Work instructions -> Skipping all pictures, set down the lines of the listing from the first through the one with "Ensemble de fleurs".

Material provided ->

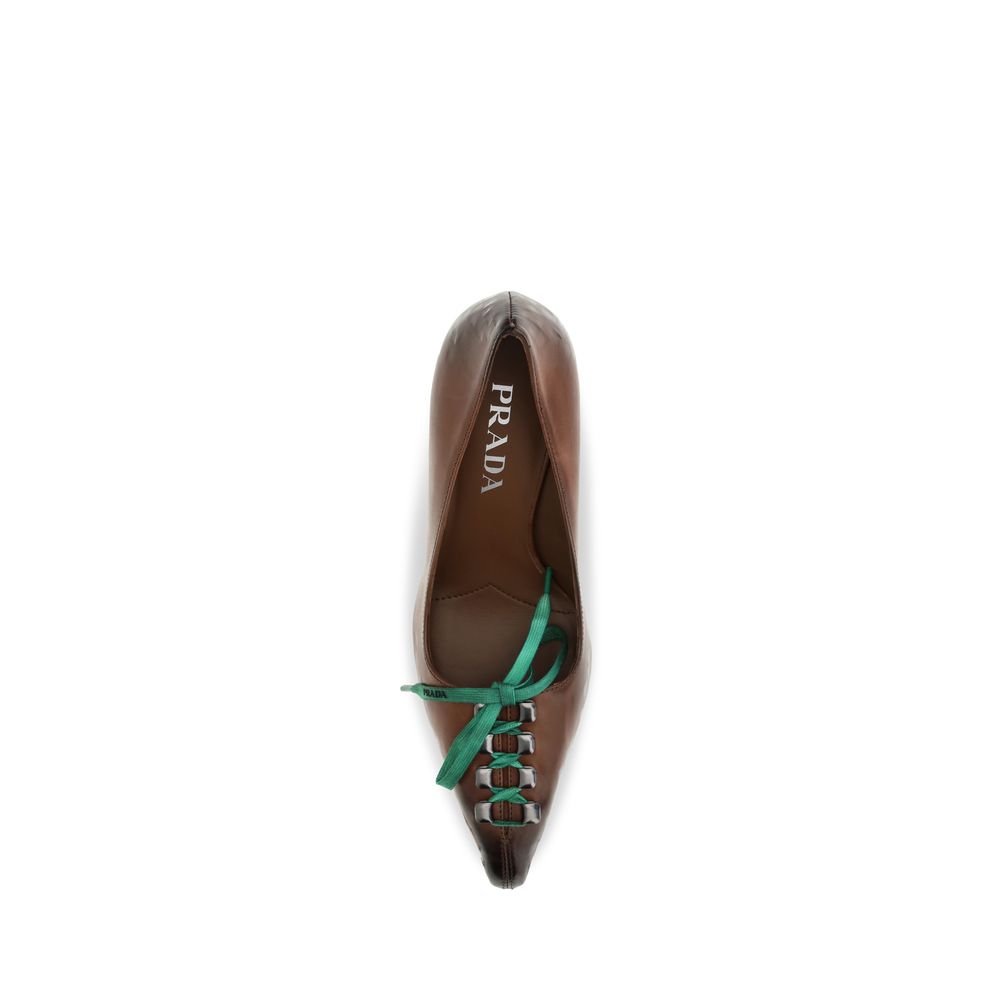 Prada Brown Leather Lace-Up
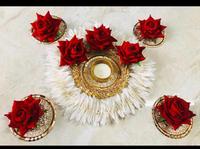Ensemble de fleurs de roses en métal faites à la main, faveurs de mariage artificielles pour Diwali et Deepak, décor de festival pour la décoration de la maison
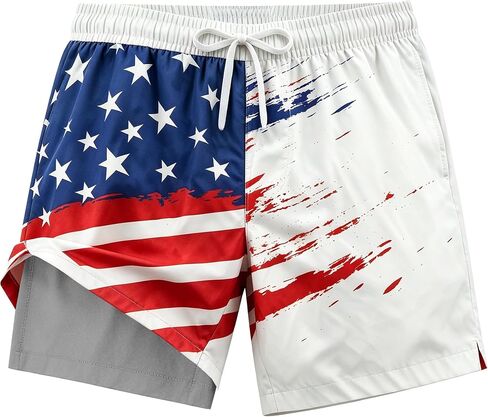 Mens Swim Trunks 2 in 1 Swimming Board Shorts with Pockets Quick Dry Bathing Suits for Beach Water Sports in Kuwait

Your solution ->
 Prada Brown Leather Lace-Up
Ensemble de fleurs de roses en métal faites à la main, faveurs de mariage artificielles pour Diwali et Deepak, décor de festival pour la décoration de la maison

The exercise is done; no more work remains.